Albert Jenkins is 85 years young, and his face shows every part of it. Jenkins has been in the electrical repair business for over 65 years and claims to have traveled the country performing electrical repairing on homes, museums, hotels, and ships.
“I’ll be the first the first to admit it – I’m not very good at what I do”. Jenkins chuckled. “Actually, I’m gosh darn awful at it. But I’ve been blessed with an honest face. People, feel comfortable around me and just throw work my way.”
I asked Jenkins why he felt responsible for the ghost haunting craze that has taken over cable television.
“I was watching TLC one night – some ghost haunting show or another, I can’t remember. I looked over to my wife Ethel and I said, look it’s that old Cape Cod in Pennsylvania I worked on in the 80’s. The one with all the frayed wiring that I couldn’t make heads or tails out of.”

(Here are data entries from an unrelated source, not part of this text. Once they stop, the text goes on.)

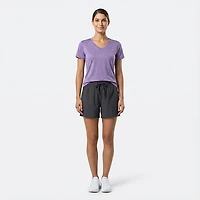 BCG Women's Cinched Waist Shorts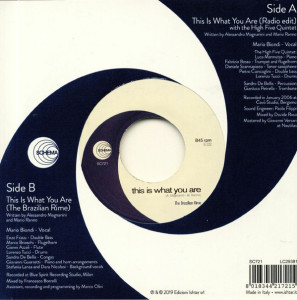 Mario Biondi - This Is What You Are (7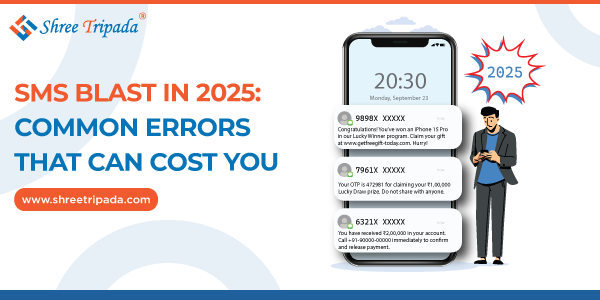 sms-blast-marketing-mistakes Avoid Common SMS Blast Errors for 2025 Campaign Success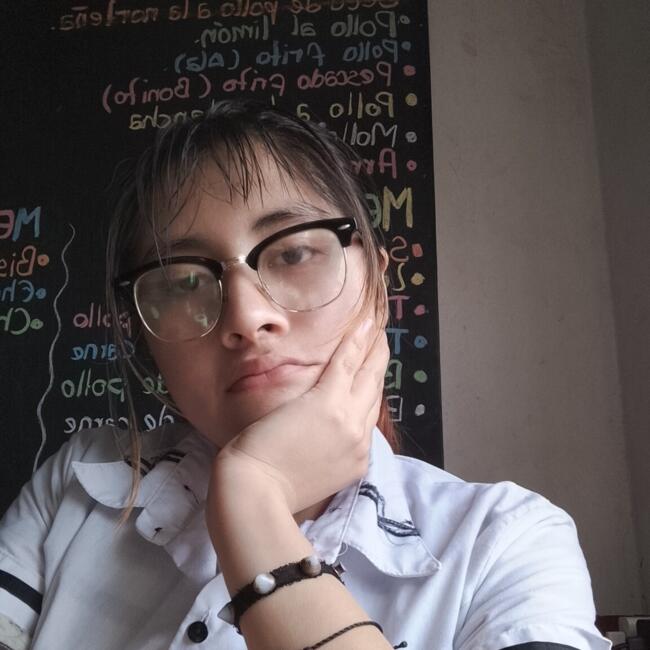 Niñera en Carabayllo: Alexa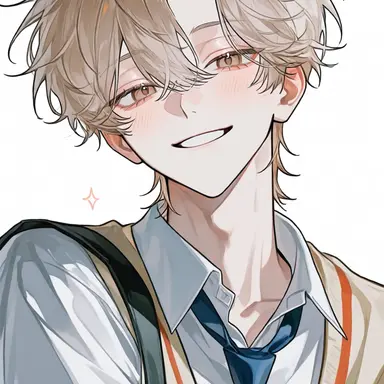 Profile image of 夏生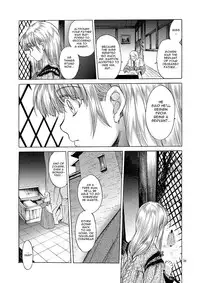 (C80) [Toko-ya (HEIZO, Kitoen)] Saint Foire Festival 5 (DL) [English] V2.0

“I simply guessed as to what wire goes where, I balled it up, taped it together, then shoved it back into the wall. Did the lights work as expected? Not really. You could smell pipe tobacco burning sometimes, but that was just the old wiring inside the wall sparking – made it smell like pipe tobacco because of the wire casing material they used in the 50’s.” Lights used to turn on and off unexpectedly too. That I attribute to me balling up loose wires with electrical tape and hiding it in the wall. Most places I worked on turned out worse then when I started.
What about the cold spots associated with most hauntings? I asked.
“Oh, that’s simple.” chuckled Jenkins.
“You see, I don’t know Jack about heating and cooling ventilation. My go-to-move was bundling wires. Do you know how much wiring is in the average home? Too much!”
Jenkins claimed to do some research after watching that TLC show. Turns out he worked on close to 78 percent of the homes claiming to be the most haunted in America, a well as eight naval ships.
‘It’s not a coincidence”, said Jenkins pointing a long bony finger at me.
“it’s just bad electrical work”.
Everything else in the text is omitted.